Patient demographics, characteristics, and disposition

This integrated analysis included 1037 patients from nine clinical studies (Table SI): 311 patients had ITP ≤1 year and 726 had ITP >1 year. Most patients came from three open‐label studies of romiplostim: a large compassionate use study (n = 405) (Janssens et al, 2015), a 3‐year bone marrow study (n = 169) (Janssens et al, 2016), and a platelet response and remission study (n = 75) (Newland et al, 2016). Patients with ITP ≤1 year were primarily from Europe (n = 191) or North America (n = 93).

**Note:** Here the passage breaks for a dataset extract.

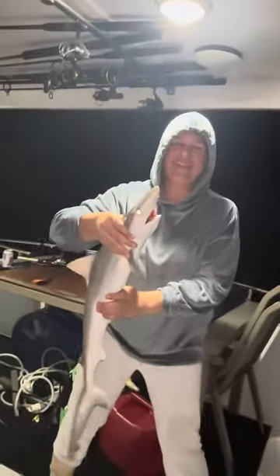Anyway, I'm gonna let him go. Here he goes. Ready to see a flying shark? Are you ready for a flying shark? One, two, three. Flying shark!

Of the 311 patients with ITP ≤1 year, 155 (50%) had newly diagnosed ITP (<3 months) and 156 (50%) had persistent ITP (3–12 months) (Table 1). In none of these studies was romiplostim used as an initial or rescue therapy. Most patients were Caucasian, with median age in the 50s. The median duration of ITP was 3 months for those with ITP ≤1 year and 72 months (6 years) for those with ITP >1 year. Patients with ITP ≤1 year were less likely to have prior splenectomy (8% vs. 44%) or rituximab use (7% vs. 18%) than the patients with ITP >1 year. Median baseline platelet counts were 18 × 109/l in both ITP duration subgroups.

Table 1

Patient demographics and disease characteristics by ITP duration

	ITP ≤1 year			ITP >1 year (n = 726)
	<3 months (n = 155)	3–12 months (n = 156)	Total (n = 311)
Sex, female, n (%)	77 (50)	88 (56)	165 (53)	470 (65)
Race, n (%)
Asian	1 (0·6)	7 (5)	8 (3)	46 (6)
African American	5 (3)	2 (1)	7 (2)	16 (2)
Hispanic or Latino	7 (5)	6 (4)	13 (4)	29 (4)
Caucasian	141 (91)	141 (90)	282 (91)	628 (87)
Age (years), median (Q1, Q3)	52 (32, 69)	52 (35, 68)	52 (34, 68)	54 (42, 67)
Baseline platelet count (×109/l), median (Q1, Q3)	15 (8, 27)	20 (12, 29)	18 (10, 28)	18 (10, 29)
ITP duration (months), median (Q1, Q3)	1·2 (0·7, 2·0)	5·8 (4·2, 8·4)	3·0 (1·2, 5·8)	72 (34, 160)
Prior therapies, n (%)
≤3	104 (67)	98 (63)	202 (65)	251 (35)
>3	6 (4)	11 (7)	17 (5)	162 (22)
Not collected	45 (29)	47 (30)	92 (30)	313 (43)
Prior splenectomy, n (%)	6 (4)	19 (12)	25 (8)	320 (44)
Prior rituximab, n (%)	5 (3)	16 (10)	21 (7)	134 (18)

ITP, immune thrombocytopenia; Q1, quartile 1; Q3, quartile 3.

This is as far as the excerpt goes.